By Sudarshan Varadhan
SINGAPORE (Reuters) -Oil prices looked set to snap a seven-week winning streak on Friday as concerns about China’s slowing economic growth and the possibility of more U.S. interest rate hikes outweighed signs of tightening supply.
Major benchmarks were slightly higher on Friday, with U.S. West Texas Intermediate crude (WTI) rising 22 cents, or 0.3%, to $80.61 a barrel, while Brent crude was up 8 cents, or 0.1%, at $84.12 a barrel as of 0611 GMT.
The seven-week winning streak was the longest for both benchmarks this year. Brent futures rose by about 18% and WTI by more than 20% in the seven weeks ended Aug. 11 to the highest levels in months before paring some gains this week, when both fell by more than 3%.
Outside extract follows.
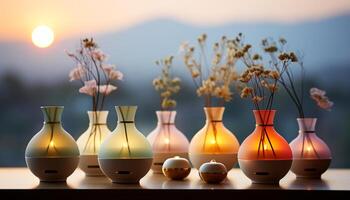 ai gerado mesa decoração vaso do flores traz natureza dentro de casa gerado de ai foto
The U.S. Federal Reserve’s focus on containing inflation amid stronger-than-expected economic data was keeping a lid on oil prices, which have risen sharply in the recent weeks due to concerns over supply.
The U.S. Labor Department on Thursday reported the number of Americans filing new claims for jobless benefits fell in the last week, suggesting the still-tight employment market could prolong the Fed’s tightening campaign to cool the economy.
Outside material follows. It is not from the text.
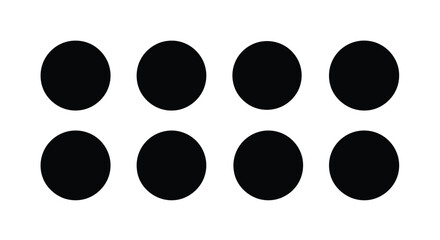 Fototapeta premium Arrangement of black circles in a grid pattern silhouette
That report followed similarly upbeat economic data earlier in the week, including U.S. retail sales, which suggested the Fed may have to stick with higher rates for longer.
Investors fret that higher borrowing costs could impede economic growth and in turn reduce overall demand, including for oil.
Adding to the concerns, a recent batch of economic data from China, the world’s second largest oil consumer, has highlighted a rapid loss of economic momentum since the second quarter.
China’s sputtering economy has whipsawed global financial markets in the past few months, with a property crisis spooking investors amid contagion fears.
However, tightening oil supply due to production cuts by the Organization of the Petroleum Exporting countries and allies, together called OPEC+, and increasing demand, mainly due to higher travel and improved industrial activity in the U.S., has supported prices, and could lead to a rise in the coming days, analysts said.
U.S. oil production was offsetting some losses in output due to OPEC+ cuts, but the falling U.S. rig count meant such support could likely be short-lived, ANZ Research said in a report on Friday.
Data released this week also showed that U.S. crude oil inventories fell by nearly 6 million barrels last week on strong exports and refining run rates. Weekly products supplied, a proxy for demand, rose to the highest since December. [EIA/S].
Despite recent economic weaknesses, China made a rare draw on crude oil inventories in July, the first time in 33 months it has dipped into storage.
“Momentum indicators are showing supply tightness. Investors have started increasing their bullish bets, net-long positions are reaching an annual high,” ANZ said in its report.